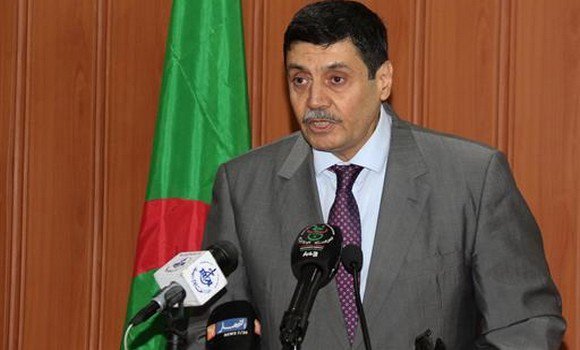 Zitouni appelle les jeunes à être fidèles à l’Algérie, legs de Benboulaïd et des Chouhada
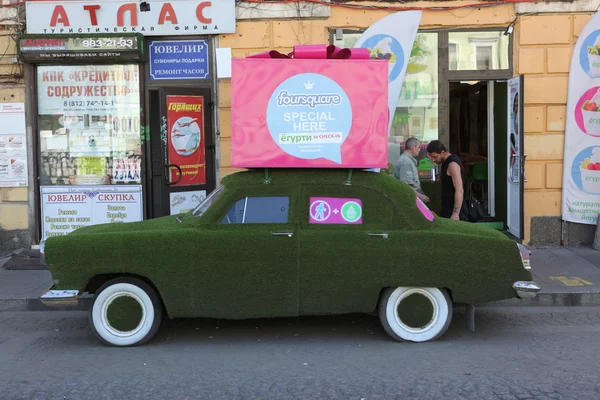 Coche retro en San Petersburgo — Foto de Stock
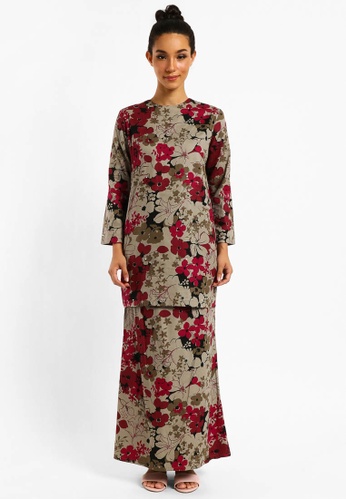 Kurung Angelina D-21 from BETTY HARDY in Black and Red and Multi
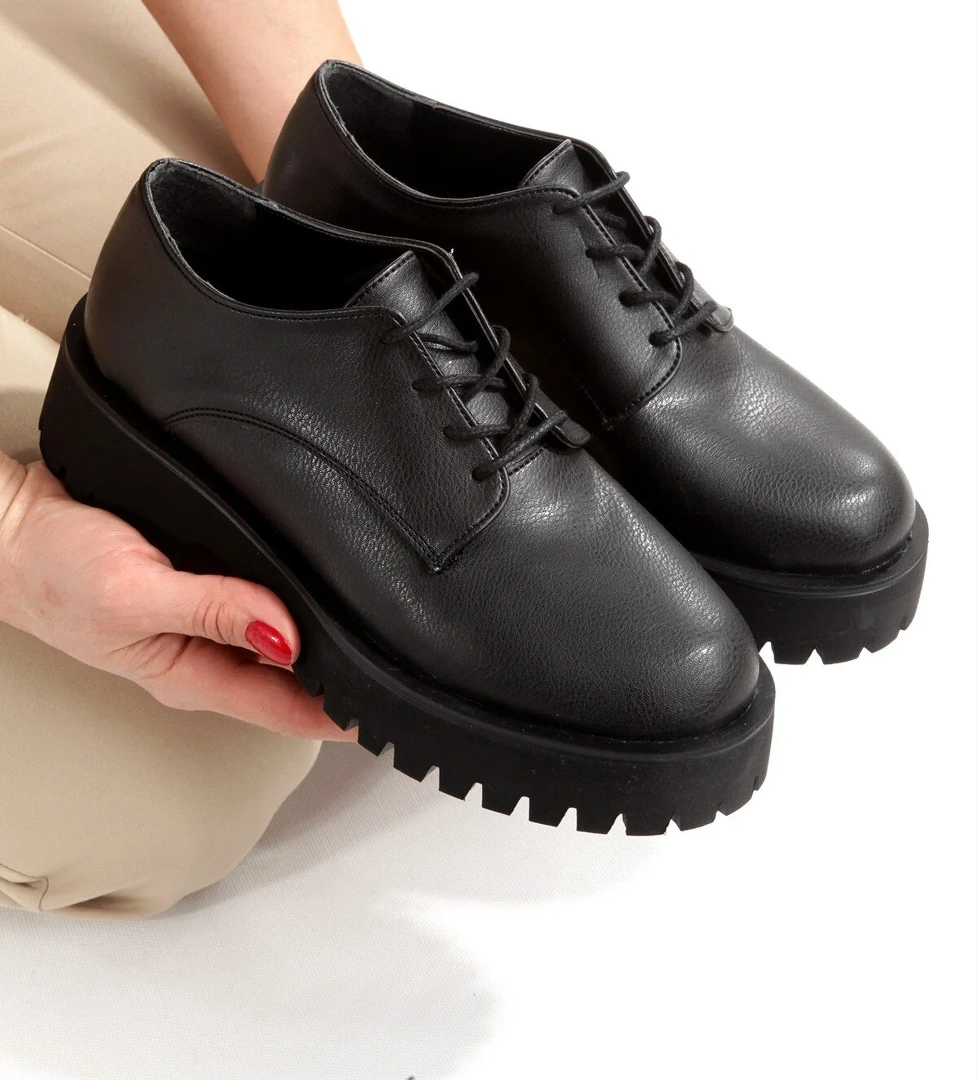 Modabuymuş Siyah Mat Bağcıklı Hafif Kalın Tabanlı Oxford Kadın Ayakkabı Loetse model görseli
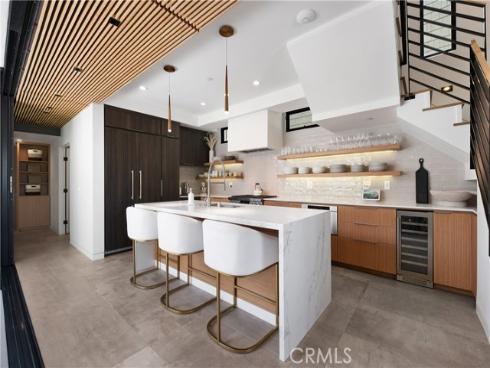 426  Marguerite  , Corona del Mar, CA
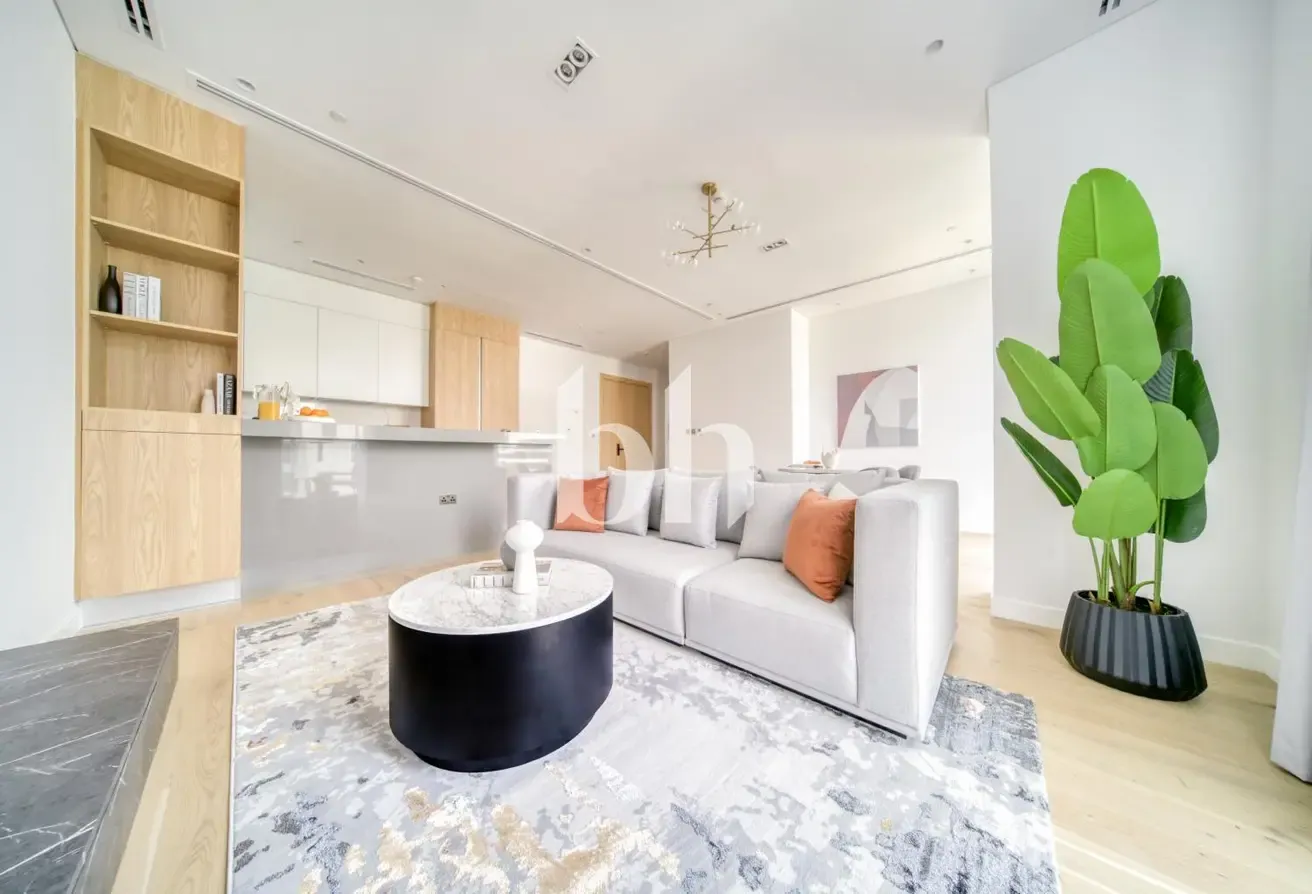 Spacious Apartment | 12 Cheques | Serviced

_Brief_
Give back the listing word for word, minus its images.

_Exercise solution_
 Zitouni appelle les jeunes à être fidèles à l’Algérie, legs de Benboulaïd et des Chouhada
 Coche retro en San Petersburgo — Foto de Stock
 Kurung Angelina D-21 from BETTY HARDY in Black and Red and Multi
 Modabuymuş Siyah Mat Bağcıklı Hafif Kalın Tabanlı Oxford Kadın Ayakkabı Loetse model görseli
 426  Marguerite  , Corona del Mar, CA
 Spacious Apartment | 12 Cheques | Serviced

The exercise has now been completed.